Klarinet Archive - Posting 000614.txt from 1999/08

From: "Karl Krelove" <kkrelove@-----.com>
Subj: RE: [kl] Audience Distractions - A Response
Date: Sun, 22 Aug 1999 22:39:50 -0400

> -----Original Message-----
> From: Andrew Michael Schmidt [mailto:schmi179@-----.edu]
> Sent: Sunday, August 22, 1999 10:40 PM
> To: klarinet@-----.org
> Subject: [kl] Audience Distractions - A Response
>
>
> ...we are all human. Humans at
> concerts have a tendency to do trivial things that
> upset others, such as an audience member who
> coughs or a musician who plays the wrong note
> (yes, I heard you). I love to listen to live
> concerts for those reasons; unlike a recorded CD
> performance, it is these disruptions and subtle
> musical nuances that makes each live performance
> unique and interesting.

The performance errors that sometimes happen can in a perverse way
contribute to the sense of adventure in a live performance. I must disagree
that the _loud_ coughing (where no attempt is made to stifle or muffle the
cough) adds anything interesting.

>Besides, when one must
> cough, there is little one can do other than to
> let it out.

Out of courtesy to the other members of the _audience_ one can make some
effort to quiet the cough. The hoarse, loud, full-throated eruption that
some listeners let out seems unnecessary.

> Perhaps you should also understand that we all,
> both musicians and audience members, cough from
> time to time. Perhaps you should appreciate the
> time and effort that it takes for us to battle
> traffic after a full work day to come and listen
> to you make your magic, just as we recognize the
> time and effort that it takes you to do your job.
> Perhaps you should welcome us as we come to listen
> to you; we could stay at home to listen to the
> same CD over and over. Perhaps you should be
> grateful for a cough or two; someday you may look
> out and no one will be there to cough, applaud at
> the wrong time, or to listen to your music.

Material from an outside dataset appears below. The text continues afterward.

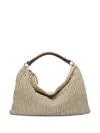 Reptile's House Large Atena Leather Shoulder Bag In Neutral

I must admit that I find the ambient noise level in the audience much more
of a distraction when I'm an audience member. As a performer I'm usually too
involved in what I'm doing to notice. Another distraction, by the way, that
irks me even more than unrestrained coughing is pagers, which people are
asked to turn off as they enter the hall but sometimes don't, and watch
alarms, which nobody mentions, but you can always tell when it's getting
near 9:00 PM at any concert I've attended in the recent past at
Philadelphia's Academy of Music.

Conductors may make a public fuss about noise. I once saw Stokowski stalk
off the stage several times in one concert at the old Robin Hood Dell - an
outdoor amphitheater - because of jet plane noise, as if anyone could have
done anything about it. So perhaps things haven't changed much. But I think
it's more audiences and music writers, not the players themselves, who
complain with some degree of justification about the noise that surrounds
them. The players have other things to worry about.